TASK REQUIREMENTS: Exactly as written, please repeat the data that follows, but not the pictures.

PROVIDED MATERIAL:
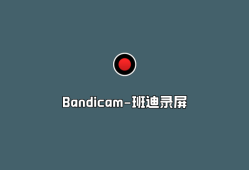 Bandicam（班迪录屏工具）v7.1.4.2458 绿色破解版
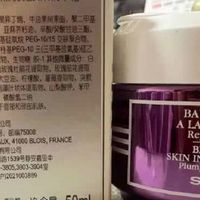 贵有贵的道理|希思黎黑玫瑰面霜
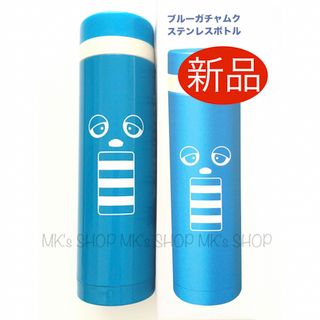 UQ Communications - 【未使用非売品】ステンレスボトル300ml UQ WiMAXガチャムク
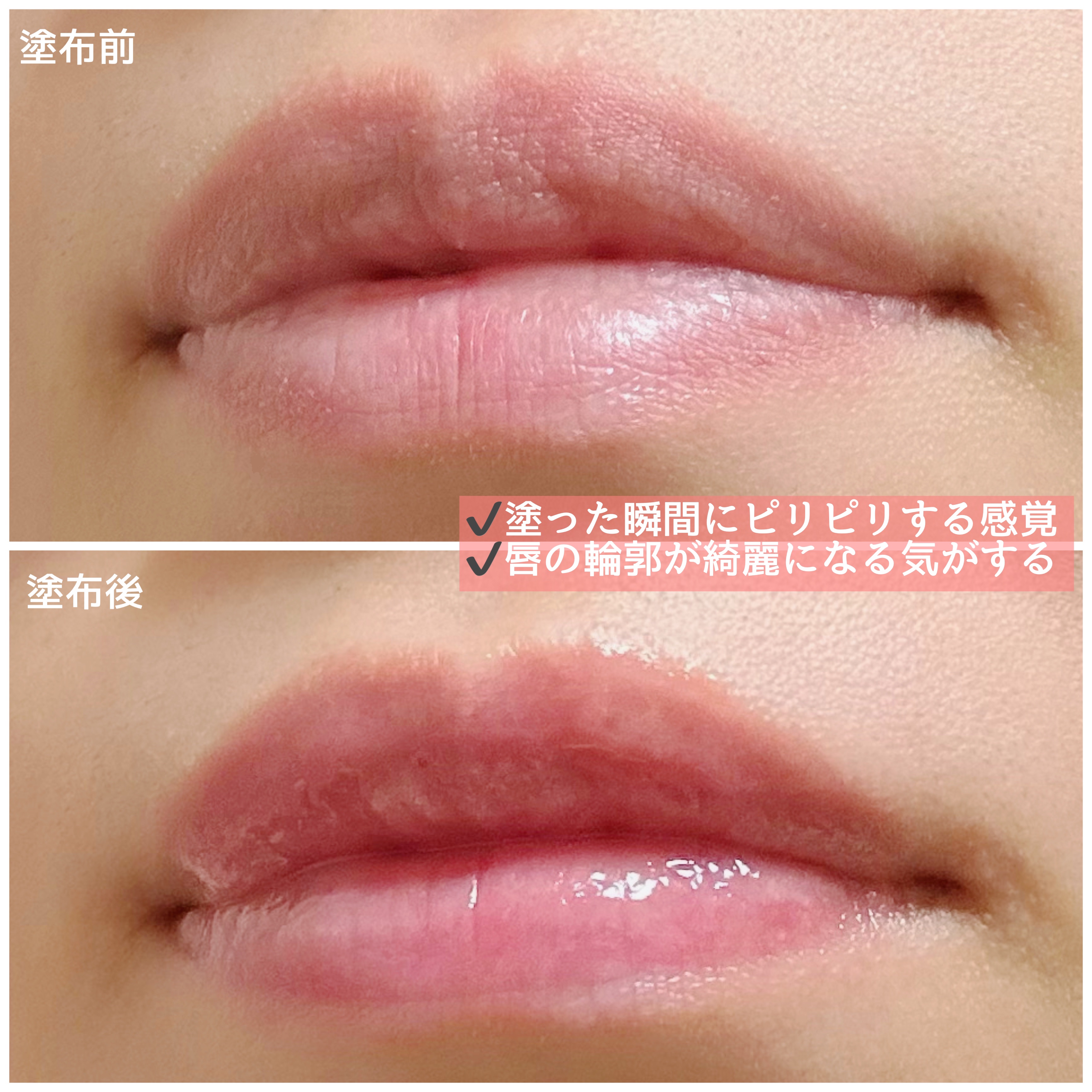 +By lilay スパイシーリッププランパー/LILAY/リッププランパーを使ったクチコミ（3枚目）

RESPONSE:
 Bandicam（班迪录屏工具）v7.1.4.2458 绿色破解版
 贵有贵的道理|希思黎黑玫瑰面霜
 UQ Communications - 【未使用非売品】ステンレスボトル300ml UQ WiMAXガチャムク
 +By lilay スパイシーリッププランパー/LILAY/リッププランパーを使ったクチコミ（3枚目）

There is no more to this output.